> _ASSIGNMENT_:
Copy the whole listing below exactly, with nothing left out.

> _PROVIDED INFORMATION_:
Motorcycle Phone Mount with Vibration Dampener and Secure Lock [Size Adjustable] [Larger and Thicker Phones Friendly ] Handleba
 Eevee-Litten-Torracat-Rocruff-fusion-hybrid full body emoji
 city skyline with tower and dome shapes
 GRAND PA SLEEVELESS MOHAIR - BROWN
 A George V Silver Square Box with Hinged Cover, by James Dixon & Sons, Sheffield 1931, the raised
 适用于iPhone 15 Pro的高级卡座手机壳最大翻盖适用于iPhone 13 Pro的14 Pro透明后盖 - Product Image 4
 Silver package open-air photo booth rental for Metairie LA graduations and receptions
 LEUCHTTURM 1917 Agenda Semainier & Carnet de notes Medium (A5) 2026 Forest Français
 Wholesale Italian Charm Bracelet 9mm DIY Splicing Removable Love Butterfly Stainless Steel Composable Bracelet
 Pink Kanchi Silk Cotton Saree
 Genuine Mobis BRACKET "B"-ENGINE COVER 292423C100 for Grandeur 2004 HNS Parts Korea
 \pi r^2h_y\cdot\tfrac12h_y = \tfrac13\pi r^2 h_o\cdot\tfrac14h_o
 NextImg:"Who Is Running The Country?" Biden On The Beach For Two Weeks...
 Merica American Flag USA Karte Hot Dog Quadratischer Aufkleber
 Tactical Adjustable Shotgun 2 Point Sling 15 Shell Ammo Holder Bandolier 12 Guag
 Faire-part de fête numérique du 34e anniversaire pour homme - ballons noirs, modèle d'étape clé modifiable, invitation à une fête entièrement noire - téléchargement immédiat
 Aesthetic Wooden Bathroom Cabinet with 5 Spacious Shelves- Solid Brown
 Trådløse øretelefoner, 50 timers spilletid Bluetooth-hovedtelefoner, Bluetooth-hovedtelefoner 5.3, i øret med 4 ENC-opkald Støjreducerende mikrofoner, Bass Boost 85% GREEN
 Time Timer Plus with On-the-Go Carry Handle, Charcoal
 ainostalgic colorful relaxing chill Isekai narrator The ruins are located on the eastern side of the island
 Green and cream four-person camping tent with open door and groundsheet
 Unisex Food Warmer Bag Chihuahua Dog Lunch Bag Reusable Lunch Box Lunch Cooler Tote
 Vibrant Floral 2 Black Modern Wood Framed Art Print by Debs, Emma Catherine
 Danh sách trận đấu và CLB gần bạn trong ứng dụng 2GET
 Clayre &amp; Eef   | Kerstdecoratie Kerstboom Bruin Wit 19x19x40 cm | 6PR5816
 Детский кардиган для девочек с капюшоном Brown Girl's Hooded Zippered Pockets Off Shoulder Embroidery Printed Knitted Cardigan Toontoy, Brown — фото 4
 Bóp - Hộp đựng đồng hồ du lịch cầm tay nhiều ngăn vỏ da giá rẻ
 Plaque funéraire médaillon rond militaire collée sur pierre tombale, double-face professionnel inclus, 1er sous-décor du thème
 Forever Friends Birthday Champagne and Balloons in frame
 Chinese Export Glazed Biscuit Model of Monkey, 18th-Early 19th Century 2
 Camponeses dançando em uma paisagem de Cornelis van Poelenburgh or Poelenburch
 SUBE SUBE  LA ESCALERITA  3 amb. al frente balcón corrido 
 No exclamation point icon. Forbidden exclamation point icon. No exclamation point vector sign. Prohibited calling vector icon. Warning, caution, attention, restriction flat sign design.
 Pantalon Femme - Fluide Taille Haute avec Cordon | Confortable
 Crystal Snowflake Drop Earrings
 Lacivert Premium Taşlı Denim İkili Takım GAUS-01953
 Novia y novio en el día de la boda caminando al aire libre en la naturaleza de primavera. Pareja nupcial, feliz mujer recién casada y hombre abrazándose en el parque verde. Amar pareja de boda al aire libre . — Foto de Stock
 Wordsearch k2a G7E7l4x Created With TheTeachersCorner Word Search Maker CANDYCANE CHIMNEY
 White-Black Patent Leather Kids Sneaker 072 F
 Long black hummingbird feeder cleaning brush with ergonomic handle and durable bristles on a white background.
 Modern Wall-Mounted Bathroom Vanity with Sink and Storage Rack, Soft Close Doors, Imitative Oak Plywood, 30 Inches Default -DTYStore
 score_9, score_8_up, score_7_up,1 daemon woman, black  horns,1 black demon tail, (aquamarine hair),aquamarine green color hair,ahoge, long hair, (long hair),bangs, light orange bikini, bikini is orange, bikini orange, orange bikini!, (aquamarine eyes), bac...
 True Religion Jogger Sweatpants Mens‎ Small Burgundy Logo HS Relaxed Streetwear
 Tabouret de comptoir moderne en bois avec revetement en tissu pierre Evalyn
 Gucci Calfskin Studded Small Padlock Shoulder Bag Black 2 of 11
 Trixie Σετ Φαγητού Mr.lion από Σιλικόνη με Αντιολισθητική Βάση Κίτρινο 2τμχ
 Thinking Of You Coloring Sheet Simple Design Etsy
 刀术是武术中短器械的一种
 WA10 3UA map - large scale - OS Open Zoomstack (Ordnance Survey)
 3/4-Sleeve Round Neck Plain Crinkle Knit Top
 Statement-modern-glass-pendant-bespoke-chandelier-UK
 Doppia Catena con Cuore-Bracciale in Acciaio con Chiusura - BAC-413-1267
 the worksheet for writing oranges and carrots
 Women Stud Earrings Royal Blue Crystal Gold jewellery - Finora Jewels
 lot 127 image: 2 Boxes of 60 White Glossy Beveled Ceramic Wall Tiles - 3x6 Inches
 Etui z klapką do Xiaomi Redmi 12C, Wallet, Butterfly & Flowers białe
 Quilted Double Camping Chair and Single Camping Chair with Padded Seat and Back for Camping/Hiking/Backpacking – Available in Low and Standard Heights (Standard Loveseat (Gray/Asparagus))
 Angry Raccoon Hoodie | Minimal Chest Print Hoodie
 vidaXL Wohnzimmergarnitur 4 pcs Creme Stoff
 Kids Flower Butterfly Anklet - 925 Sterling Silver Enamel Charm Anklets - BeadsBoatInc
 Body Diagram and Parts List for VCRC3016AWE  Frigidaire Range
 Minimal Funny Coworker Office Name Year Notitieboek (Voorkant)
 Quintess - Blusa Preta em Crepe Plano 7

> _EXERCISE OUTPUT_:
Motorcycle Phone Mount with Vibration Dampener and Secure Lock [Size Adjustable] [Larger and Thicker Phones Friendly ] Handleba
 Eevee-Litten-Torracat-Rocruff-fusion-hybrid full body emoji
 city skyline with tower and dome shapes
 GRAND PA SLEEVELESS MOHAIR - BROWN
 A George V Silver Square Box with Hinged Cover, by James Dixon & Sons, Sheffield 1931, the raised
 适用于iPhone 15 Pro的高级卡座手机壳最大翻盖适用于iPhone 13 Pro的14 Pro透明后盖 - Product Image 4
 Silver package open-air photo booth rental for Metairie LA graduations and receptions
 LEUCHTTURM 1917 Agenda Semainier & Carnet de notes Medium (A5) 2026 Forest Français
 Wholesale Italian Charm Bracelet 9mm DIY Splicing Removable Love Butterfly Stainless Steel Composable Bracelet
 Pink Kanchi Silk Cotton Saree
 Genuine Mobis BRACKET "B"-ENGINE COVER 292423C100 for Grandeur 2004 HNS Parts Korea
 \pi r^2h_y\cdot\tfrac12h_y = \tfrac13\pi r^2 h_o\cdot\tfrac14h_o
 NextImg:"Who Is Running The Country?" Biden On The Beach For Two Weeks...
 Merica American Flag USA Karte Hot Dog Quadratischer Aufkleber
 Tactical Adjustable Shotgun 2 Point Sling 15 Shell Ammo Holder Bandolier 12 Guag
 Faire-part de fête numérique du 34e anniversaire pour homme - ballons noirs, modèle d'étape clé modifiable, invitation à une fête entièrement noire - téléchargement immédiat
 Aesthetic Wooden Bathroom Cabinet with 5 Spacious Shelves- Solid Brown
 Trådløse øretelefoner, 50 timers spilletid Bluetooth-hovedtelefoner, Bluetooth-hovedtelefoner 5.3, i øret med 4 ENC-opkald Støjreducerende mikrofoner, Bass Boost 85% GREEN
 Time Timer Plus with On-the-Go Carry Handle, Charcoal
 ainostalgic colorful relaxing chill Isekai narrator The ruins are located on the eastern side of the island
 Green and cream four-person camping tent with open door and groundsheet
 Unisex Food Warmer Bag Chihuahua Dog Lunch Bag Reusable Lunch Box Lunch Cooler Tote
 Vibrant Floral 2 Black Modern Wood Framed Art Print by Debs, Emma Catherine
 Danh sách trận đấu và CLB gần bạn trong ứng dụng 2GET
 Clayre &amp; Eef   | Kerstdecoratie Kerstboom Bruin Wit 19x19x40 cm | 6PR5816
 Детский кардиган для девочек с капюшоном Brown Girl's Hooded Zippered Pockets Off Shoulder Embroidery Printed Knitted Cardigan Toontoy, Brown — фото 4
 Bóp - Hộp đựng đồng hồ du lịch cầm tay nhiều ngăn vỏ da giá rẻ
 Plaque funéraire médaillon rond militaire collée sur pierre tombale, double-face professionnel inclus, 1er sous-décor du thème
 Forever Friends Birthday Champagne and Balloons in frame
 Chinese Export Glazed Biscuit Model of Monkey, 18th-Early 19th Century 2
 Camponeses dançando em uma paisagem de Cornelis van Poelenburgh or Poelenburch
 SUBE SUBE  LA ESCALERITA  3 amb. al frente balcón corrido 
 No exclamation point icon. Forbidden exclamation point icon. No exclamation point vector sign. Prohibited calling vector icon. Warning, caution, attention, restriction flat sign design.
 Pantalon Femme - Fluide Taille Haute avec Cordon | Confortable
 Crystal Snowflake Drop Earrings
 Lacivert Premium Taşlı Denim İkili Takım GAUS-01953
 Novia y novio en el día de la boda caminando al aire libre en la naturaleza de primavera. Pareja nupcial, feliz mujer recién casada y hombre abrazándose en el parque verde. Amar pareja de boda al aire libre . — Foto de Stock
 Wordsearch k2a G7E7l4x Created With TheTeachersCorner Word Search Maker CANDYCANE CHIMNEY
 White-Black Patent Leather Kids Sneaker 072 F
 Long black hummingbird feeder cleaning brush with ergonomic handle and durable bristles on a white background.
 Modern Wall-Mounted Bathroom Vanity with Sink and Storage Rack, Soft Close Doors, Imitative Oak Plywood, 30 Inches Default -DTYStore
 score_9, score_8_up, score_7_up,1 daemon woman, black  horns,1 black demon tail, (aquamarine hair),aquamarine green color hair,ahoge, long hair, (long hair),bangs, light orange bikini, bikini is orange, bikini orange, orange bikini!, (aquamarine eyes), bac...
 True Religion Jogger Sweatpants Mens‎ Small Burgundy Logo HS Relaxed Streetwear
 Tabouret de comptoir moderne en bois avec revetement en tissu pierre Evalyn
 Gucci Calfskin Studded Small Padlock Shoulder Bag Black 2 of 11
 Trixie Σετ Φαγητού Mr.lion από Σιλικόνη με Αντιολισθητική Βάση Κίτρινο 2τμχ
 Thinking Of You Coloring Sheet Simple Design Etsy
 刀术是武术中短器械的一种
 WA10 3UA map - large scale - OS Open Zoomstack (Ordnance Survey)
 3/4-Sleeve Round Neck Plain Crinkle Knit Top
 Statement-modern-glass-pendant-bespoke-chandelier-UK
 Doppia Catena con Cuore-Bracciale in Acciaio con Chiusura - BAC-413-1267
 the worksheet for writing oranges and carrots
 Women Stud Earrings Royal Blue Crystal Gold jewellery - Finora Jewels
 lot 127 image: 2 Boxes of 60 White Glossy Beveled Ceramic Wall Tiles - 3x6 Inches
 Etui z klapką do Xiaomi Redmi 12C, Wallet, Butterfly & Flowers białe
 Quilted Double Camping Chair and Single Camping Chair with Padded Seat and Back for Camping/Hiking/Backpacking – Available in Low and Standard Heights (Standard Loveseat (Gray/Asparagus))
 Angry Raccoon Hoodie | Minimal Chest Print Hoodie
 vidaXL Wohnzimmergarnitur 4 pcs Creme Stoff
 Kids Flower Butterfly Anklet - 925 Sterling Silver Enamel Charm Anklets - BeadsBoatInc
 Body Diagram and Parts List for VCRC3016AWE  Frigidaire Range
 Minimal Funny Coworker Office Name Year Notitieboek (Voorkant)
 Quintess - Blusa Preta em Crepe Plano 7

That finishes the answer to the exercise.